P_neutral_pois$SPATIAL_PROCESS_OTHERS <- "poisson"

# Strong spatial structure
P_neutral_struct <- P_neutral
P_neutral_struct$SPATIAL_PROCESS_A <- "thomas"
P_neutral_struct$A_PARENT_INTENSITY <- NA
P_neutral_struct$A_MEAN_OFFSPRING <- 25
P_neutral_struct$A_CLUSTER_SCALE <- 0.45

P_neutral_struct$SPATIAL_PROCESS_OTHERS <- "strauss"
P_neutral_struct$OTHERS_R <- 1.2
P_neutral_struct$OTHERS_STRAUSS_GAMMA <- 0.15

case_neutral_pois   <- run_case(P_neutral_pois,   "ZSM (theta=10) + Poisson (CSR)")
case_neutral_struct <- run_case(P_neutral_struct, "ZSM (theta=10) + Thomas (A) + Strauss (others)")

Distance–decay (overlay)

dd_all <- rbind(
  decay_df(case_neutral_pois$res,   "Poisson"),
  decay_df(case_neutral_struct$res, "Thomas + Strauss")
)

ggplot(dd_all, aes(Distance, Dissimilarity, colour = Scenario)) +
  geom_point(alpha = 0.25) +
  geom_smooth(se = FALSE, linewidth = 1.2, method = "loess", span = 0.75) +
  labs(
    title = "Distance–decay under the same neutral SAD",
    subtitle = "Spatial structure changes turnover with distance; SAD model is held constant",
    x = "Inter-quadrat distance",
    y = "Community dissimilarity (Bray–Curtis on presence/absence)"
  ) +
  theme_minimal(base_size = 12)

Full advanced panels

case_neutral_pois$panel

case_neutral_struct$panel

Example C: Model families (neutral_hubbell_like vs hybrid)
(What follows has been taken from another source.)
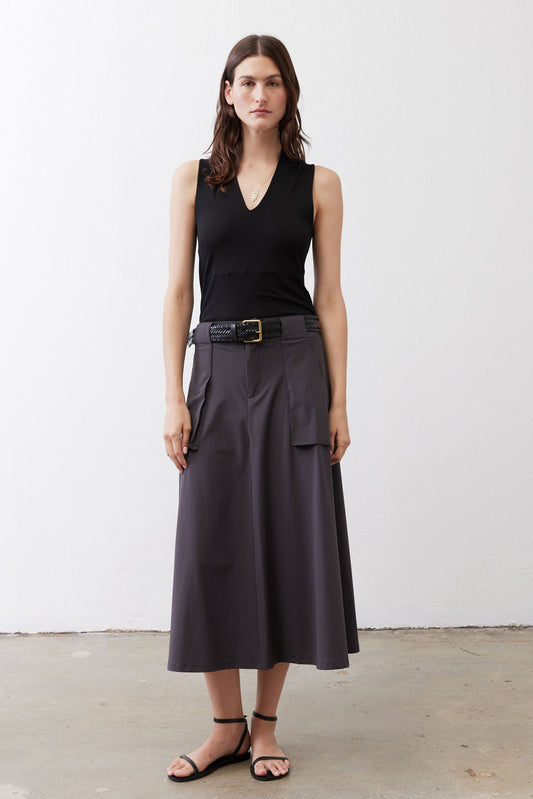 Black sculpted sleeveless V-neck tank top, fitted and close to body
Here we switch from point-process assembly to the high-level family layer.

P_family <- P0
P_family$N_INDIVIDUALS <- 400
P_family$SAD_MODEL <- "zsm"
P_family$ZSM_THETA <- 12

P_family$GRADIENT_SPECIES <- c("A", "B", "C", "D")
P_family$GRADIENT_ASSIGNMENTS <- c("temperature", "temperature", "elevation", "rainfall")
P_family$GRADIENT_OPTIMA <- c(A = 0.25, B = 0.70, C = 0.55, D = 0.60)
P_family$GRADIENT_TOLERANCE <- c(A = 0.12, B = 0.12, C = 0.16, D = 0.14)

P_hubbell <- P_family
P_hubbell$MODEL_FAMILY <- "neutral_hubbell_like"
P_hubbell$NEUTRAL_M <- 0.08
P_hubbell$DISPERSAL_KERNEL <- "gaussian"
P_hubbell$DISPERSAL_SCALE <- 0.55

P_hybrid <- P_hubbell
P_hybrid$MODEL_FAMILY <- "hybrid"
P_hybrid$HYBRID_ENV_WEIGHT <- 1.3

case_hubbell <- run_case(P_hubbell, "MODEL_FAMILY = neutral_hubbell_like")
case_hybrid  <- run_case(P_hybrid,  "MODEL_FAMILY = hybrid")
dd_family <- rbind(
  decay_df(case_hubbell$res, "neutral_hubbell_like"),
  decay_df(case_hybrid$res,  "hybrid")
)

ggplot(dd_family, aes(Distance, Dissimilarity, colour = Scenario)) +
  geom_point(alpha = 0.25) +
  geom_smooth(se = FALSE, linewidth = 1.2, method = "loess", span = 0.75) +
  labs(
    title = "Model-family comparison",
    subtitle = "Hybrid combines neutral recruitment with environmental sorting",
    x = "Inter-quadrat distance",
    y = "Community dissimilarity (Bray–Curtis on presence/absence)"
  ) +
  theme_minimal(base_size = 12)

Notes / tips

  • Use MODEL_FAMILY = "manual" when you want full low-level control.
  • Use MODEL_FAMILY = "neutral_hubbell_like" or "hybrid" when you want dispersal-driven structure to emerge from recruitment.
  • For Doubs-style/seaweed-style constrained gradients, set DOMAIN_TYPE = "network" or "coastline" and use DISTANCE_METRIC = "along_path".
  • You can replace synthetic raster fields by supplying ENV_COVARIATES_FILE (section/node-level covariates with x,y plus environmental columns).
  • If the distance–decay looks noisy, increase N_QUADRATS and/or reduce quadrat size.
  • For pedagogy, it helps to vary one knob at a time (SAD vs point process), then show how they interact.